Argopuro, merupakan salah satu gunung yang mempunyai jalur pendakian terpanjang yang pernah kami lalui. Gunung dengan total waktu pendakian kurang lebih lima hari empat malam ini berhasil membuat kami menjadi manusia yang benar-benar mensyukuri banyak hal. Bukan hanya dari eloknya pemandangan yang disuguhkan di setiap jalur perjalanan, namun juga adanya bahaya yang mengancam dari arah yang tak terduga-duga. Petualangan berbasis pendakian yang dilakukan oleh 13 orang perwakilan Mapala Gegama pun dimulai.
Pendakian dimulai dari basecamp Baderan yang berada di Kabupaten Situbondo, Jawa Timur. Total pospendakian yang akan digunakan sebagai tempat menginap saat malam berjumlah empat pos. Pos Mata Air 1 menjadi tempat kami bermalam pada hari pertama setelah melalui perjalanan yang sangat panjang. Diperlukan waktu sekitar 9 jam perjalanan kaki dari Basecamp Baderan menuju pos ini. Trek perjalanan di hari pertama cukup bervariasi mulai dari jalur baru hasil kerukan alat berat hingga hutan. Waktu menunjukkan pukul lima sore saat kami tiba di Pos Mata Air 1. Pos ini berada di tepian jurang yang dalam dengan kondisitanahdatar yang tak begitu luas. Seusai dengan namanya, pos ini memiliki sumber mata air yang bias digunakan oleh pendaki untuk menyetok persediaan air. Lelah yang tak tertahankan memaksa kami untuk harus segera beristirahat demi melanjutkan perjalanan esok hari. Setelah makan malam, evaluasi, dan briefing, tak ada satu orang pun yang tahan untuk menikmati malam di Argopuro, semua lelap dalam tidurnya. Dan di tempat inilah kami mulai menyadari, kenikmatan paling sederhana pun bias kau temui dalam balutan bunga tidur.
Perjalanan pada hari kedua menjadi perjalanan yang paling dinantikan. Bagaimanatidak? Tujuan kami kali iniadalah Savana Cikasur yang terkenal akan keindahannya. Savana ini terbentang luas di area yang datar dengan satwa endemik yang jarang ditemui manusia, yaitu merak. Diperlukan waktu sekitar 8 jam untuk mencapai Cikasur dengan trek perjalanan yang naik turun. Banyak savana-savana kecil yang sangat memanjakan mata kami dalam perjalanan menuju Cikasur. Sayangnya dibalik semua keindahan itu, kelestarian alam pun masih terganggu oleh aktivitas warga lokal yang sering mondar-mandir menggunakan motor menuju Cikasur. Bagi beberapa pendaki, hal ini mungkin tidak dianggap sebagai masalah karena waktu pendakian mereka yang bias dihemat dengan jasa ojek. Namun bagi pendaki berbasis pencinta alam, hal ini sangatlah disayangkan.

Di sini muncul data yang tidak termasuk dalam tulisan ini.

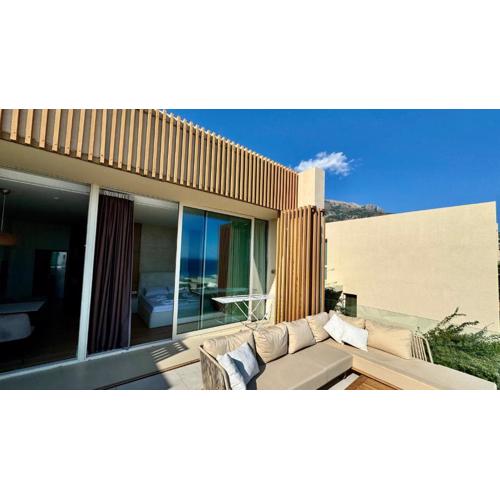 Bella Vista Green Coast Palase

Sekitar pukul empat sore kami tiba di Cikasur dengan perasaan yang benar-benar bahagia. Jejak kaki pertama kami pun telah disambut oleh eloknya langit sore Argopuro dan indahnya entitas bernama merak. Langit sangat berpihak kepada kami di hari itu hingga saat malam penuh gemintang. Kali ini perjalanan kami sedikit lebih cepat sehingga jadwal istirahat bias dilakukan lebih awal. Berbeda dengan pendakian gunung lain yang pada umumnya menghabiskan waktu dua-tiga hari sehingga keperluan foto-foto dilakukan habis-habisan, disini kami cenderung menghemat daya ponsel dan kamera kami demi kepentingan-kepentingan lain. Perbincangan tatap muka pun mendominasi disetiap perjalanan. Dan disinilah, kenikmatan bersosialisasi benar-benar kami temukan. Saat tak ada pandangan yang tertunduk, saat tak ada lensa yang merekam, hanya ada kita dan kata-kata yang terucap secara spontan, suasana pun menjadi semakin hangat saat suhu udara semakin dingin.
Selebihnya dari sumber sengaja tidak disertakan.